There are several regulations that come with a place like the Wilderness, which helps protect the resources and helps with the design. There is no mechanized or motorized equipment allowed in the Wilderness, this also includes bicycles, boat motors, and carts. In order to preserve the aesthetic value of wilderness hang gliders are also restricted. Under State regulations, hunting and fishing are allowed along with commercial guides and outfitters with the proper authorization and special use permits. Access to private land, operations of valid mining claims and administrations. With a permit grazing of domestic livestock is also allowed.
Frank Church River of No Return Wilderness — Unique Laws and Regulations and Why they Make it So Fun!
Distinctive to the Frank Church Wilderness and recognized by the Central Idaho Wilderness Act of 1980 are the following:
• The Salmon River allows Jet boats
• The Salmon and Middle Fork of the Salmon are allowing boating and some tributaries, under a permit system. However, party sizes are limited, and no trace can be left
• If you have a party of 20 or less and your length of stay up to 14 days, general backcountry visitation is permitted.

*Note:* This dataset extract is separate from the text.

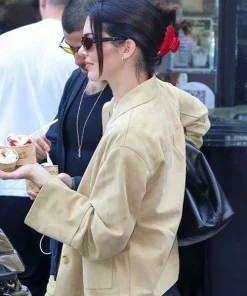 Kendall Jenner 2025 New York City Beige Suede Leather Jacket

• Livestock is also permitted with a max party size of 20 people and 20 head of stock
Even more vital that the regulations that are in place are the responsibilities of each and every traveler that enters the Wilderness and that they need to protect it. A way to do this is to practice the minimum impact camping techniques. One incentive to do this comes from a respect for the land, water, reflection and politeness of all those who are to come after you. Using the “Leave No Trace” philosophy many fundamental principles and techniques have been developed. Some of the most vital practices are:
• Groups of 10 to 12 individuals work the best; however, the maximum of 20 individuals is possible unless you have approval for more. It’s important to be quiet and inconspicuous. Respect the isolation which is one of the most precious pieces of the wilderness resources.
• Make sure to stay on the trails to keep from widening them and causing major wear. In addition, do not cut switchbacks.

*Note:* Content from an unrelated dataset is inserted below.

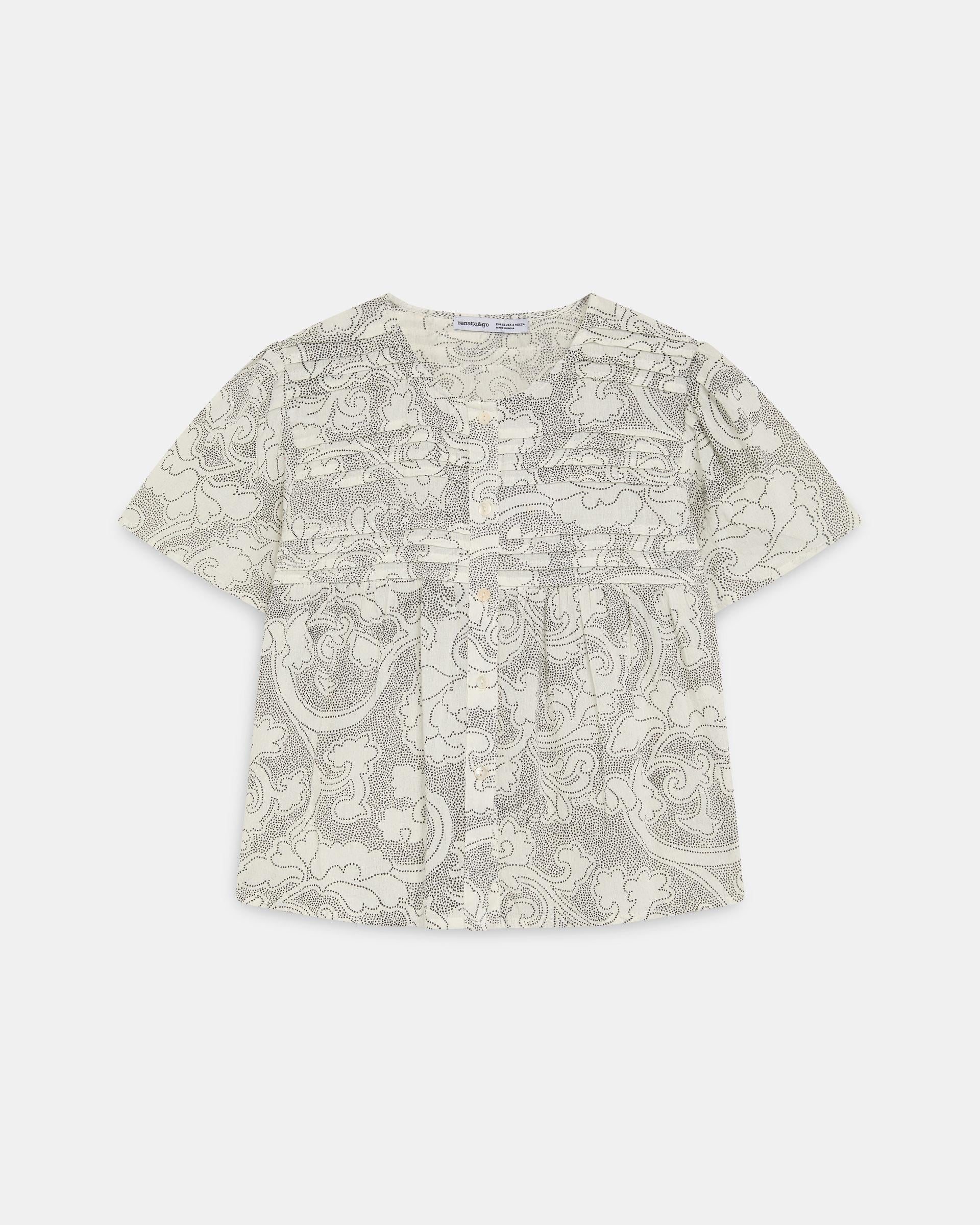 Blusa Pliegues Delanteros Botones Blanca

• No camping within sight or sound of any other campers and outside at least 200 feet from rivers, trails, and streams.
• Do not dispose of any soap and detergent in the hot springs, lakes, and streams. Dispose of water after washing and rinsing using buckets or pans at least 200 feet from lakes or streams.
• Try to locate a campsite that has already impacted the land, especially if your group is more than 6.

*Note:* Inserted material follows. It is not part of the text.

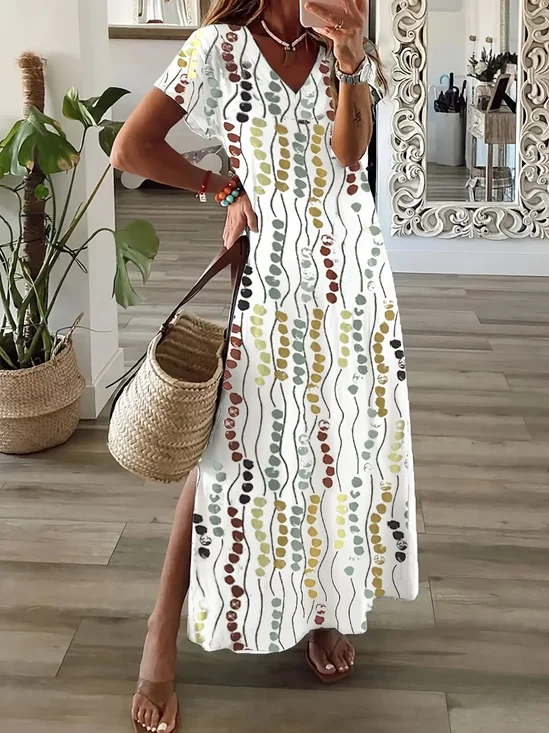 Damen Abstrakte Tupfen Kurzarm Sommer Print Kleid V-Ausschnitt Täglich Lässig Maxikleid X-Linie Kleid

• Pick and pack out all track and litter. If camping in a popular area, make sure to leave the campsite even better than you found it. If you choose to camp in an area that has not been used or has been used very little, make sure to leave no evidence of your stay.
• Take responsibility for human waste, take a small shovel or trowel with you to dispose of the feces. When floating on the rivers use the proper sealed portable toilets and take them out with you. If going overland, bury feces.
• Do not construct facilities like fire circles, bough beds, lean-tos, or gear racks.
• In areas where fires are allowed only build a small one and only use dead or down wood of small diameter. Take out garbage that will not burn.
• The feed that you have for stock must be “Weed Seed Free” supplemental feed, if needed, in addition, you should only bring alfalfa hay, processed pellets, and grain to prevent native plants that are not from the Wilderness. There is no straw allowed in the Wilderness.
• Archeological artifacts are not allowed to be collected according to the Antiquities Act. Enjoy the artifacts but leave them as they are to be enjoyed by the next visitors.